### [Given information]
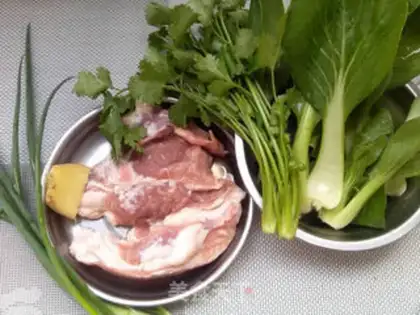 Make The green cabbage croquettes step 0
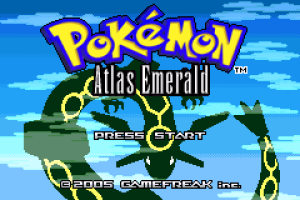 Pokémon Emerald Final World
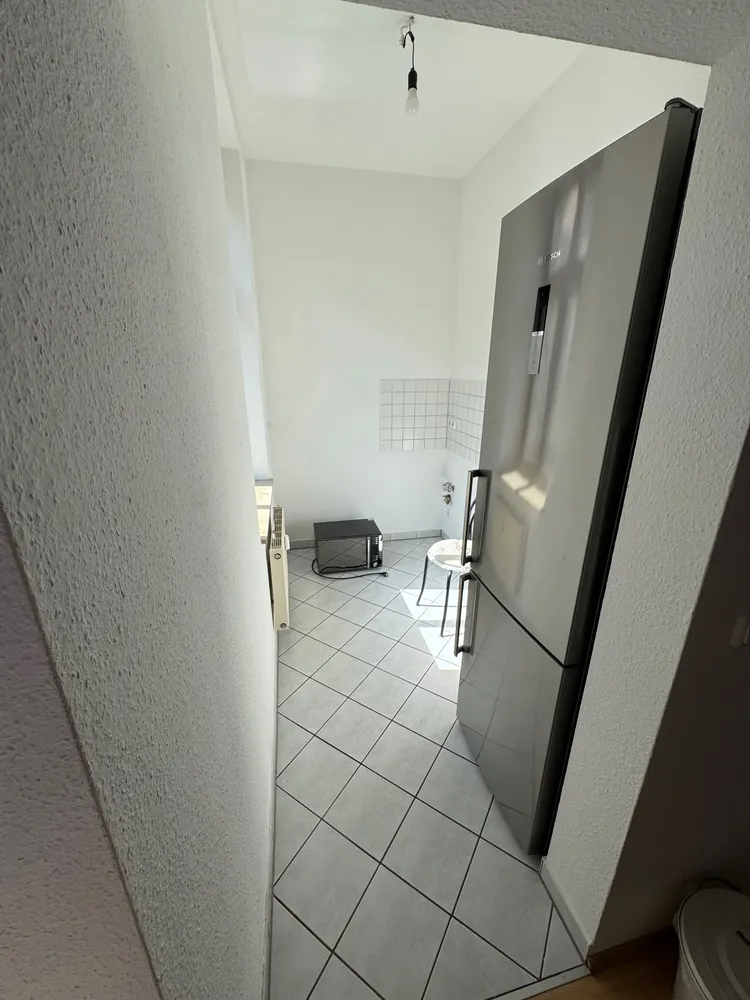 1 room apartment with 32 m² in Chemnitz – Photo 6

### [What is required]
Only the pictures are to be left out; write out all the other data exactly.

### [Solution for this exercise]
 Make The green cabbage croquettes step 0
 Pokémon Emerald Final World
 1 room apartment with 32 m² in Chemnitz – Photo 6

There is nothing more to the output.